╔══

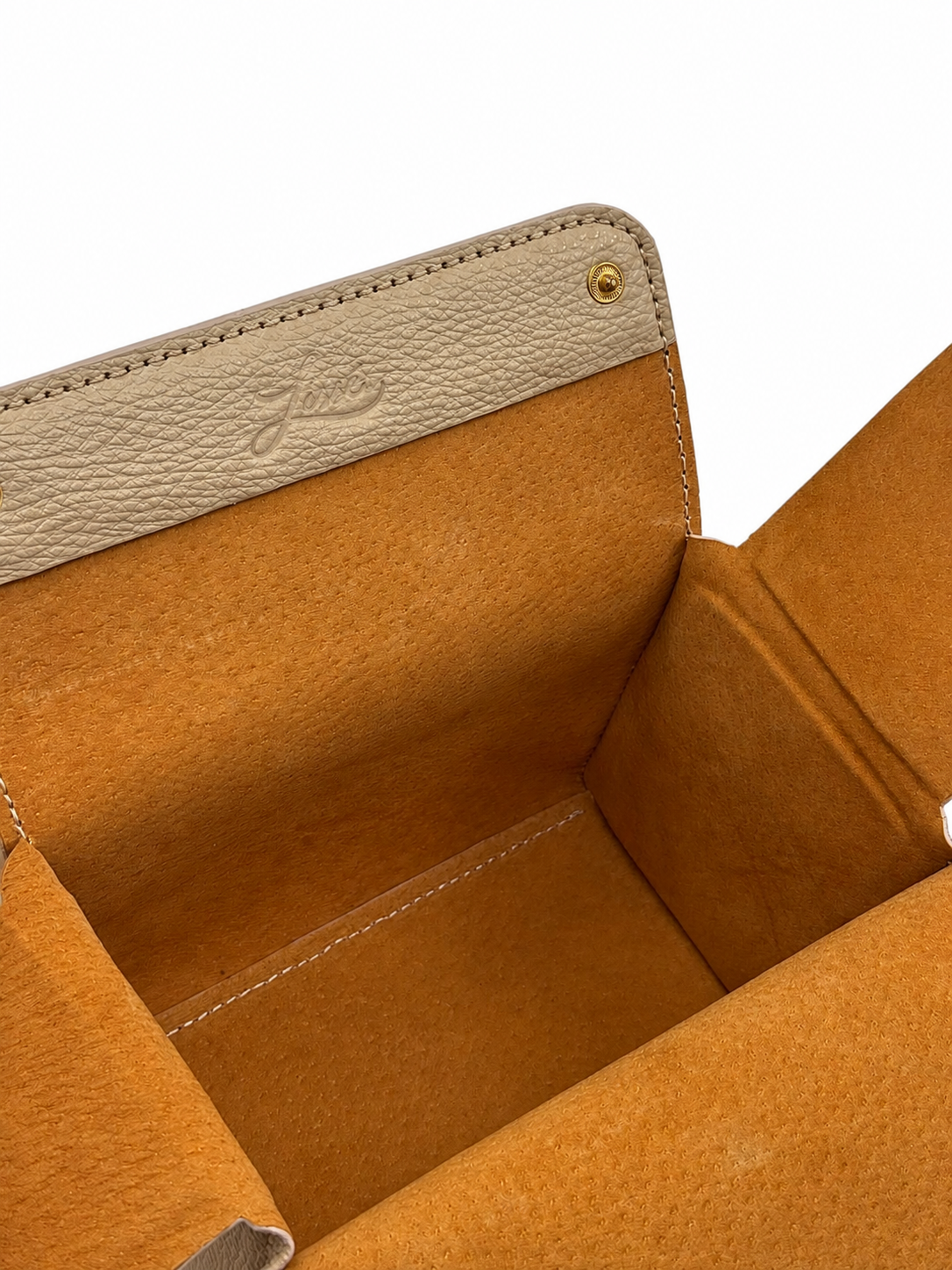 Close-up of a cream leather crossbody bag with a beige interior and visible brand logo.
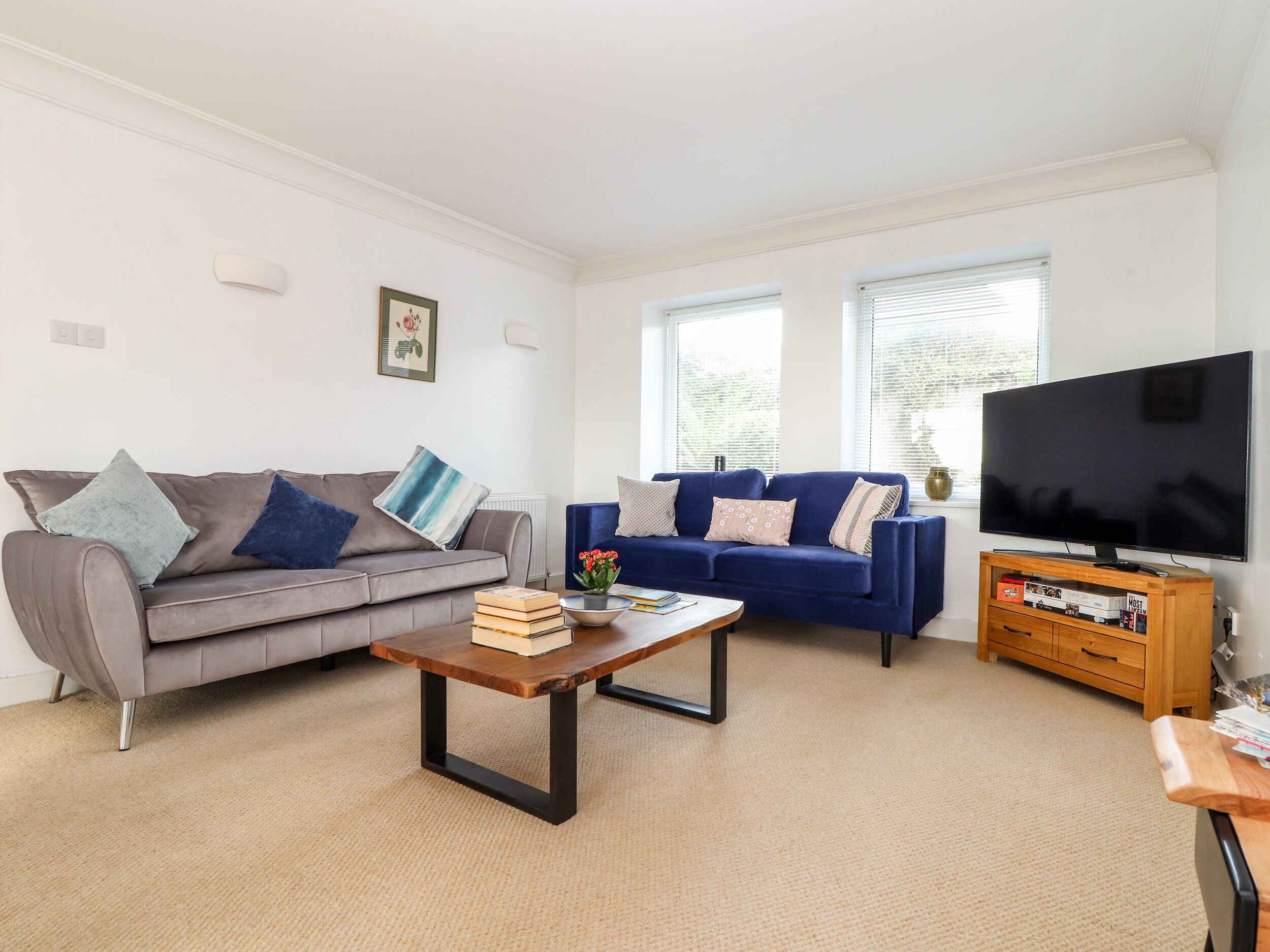 A living room with two sofas, a coffee table, a TV, and a bookshelf.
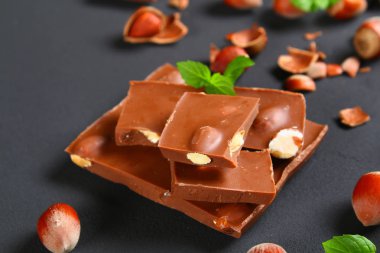 Çikolata fındık, nane ve koyu gri masada kahve taneleri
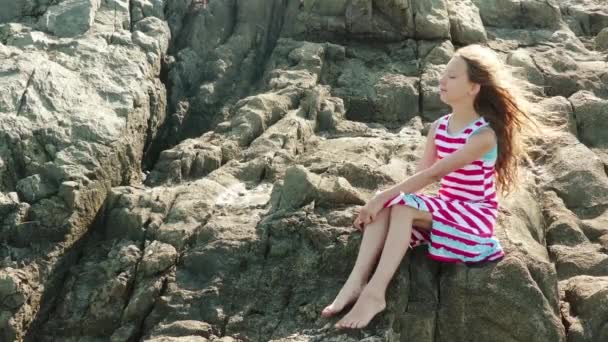 Petite belle fille assise sur le rivage rocheux de la mer Méditerranée . — Video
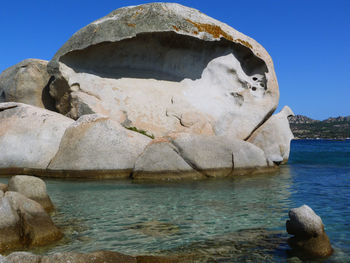 Rock formation in sea against clear blue sky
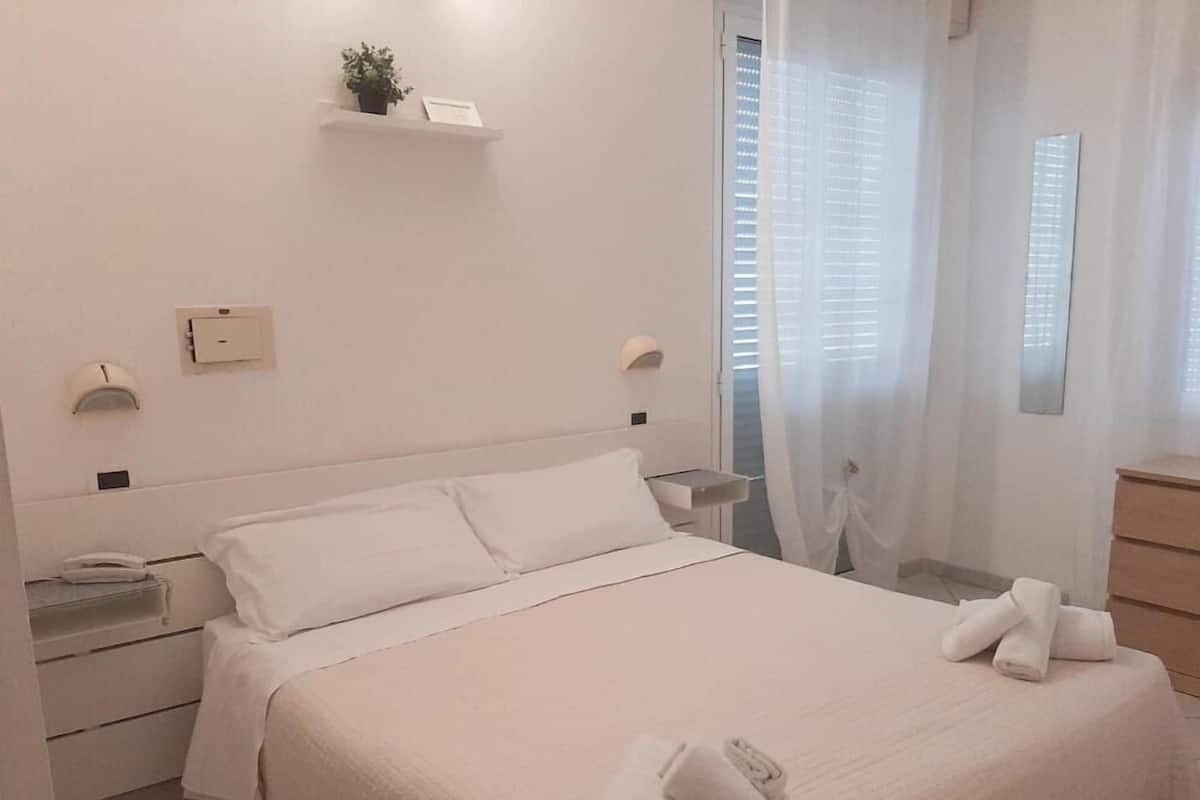 Habitación de hotel ordenada con cama, mesitas de noche, lámpara, estante pequeño y ventana con cortinas.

╚══

Directions:
An exact copy of every entry, without pictures, should be your output.

Expected answer:
 Close-up of a cream leather crossbody bag with a beige interior and visible brand logo.
 A living room with two sofas, a coffee table, a TV, and a bookshelf.
 Çikolata fındık, nane ve koyu gri masada kahve taneleri
 Petite belle fille assise sur le rivage rocheux de la mer Méditerranée . — Video
 Rock formation in sea against clear blue sky
 Habitación de hotel ordenada con cama, mesitas de noche, lámpara, estante pequeño y ventana con cortinas.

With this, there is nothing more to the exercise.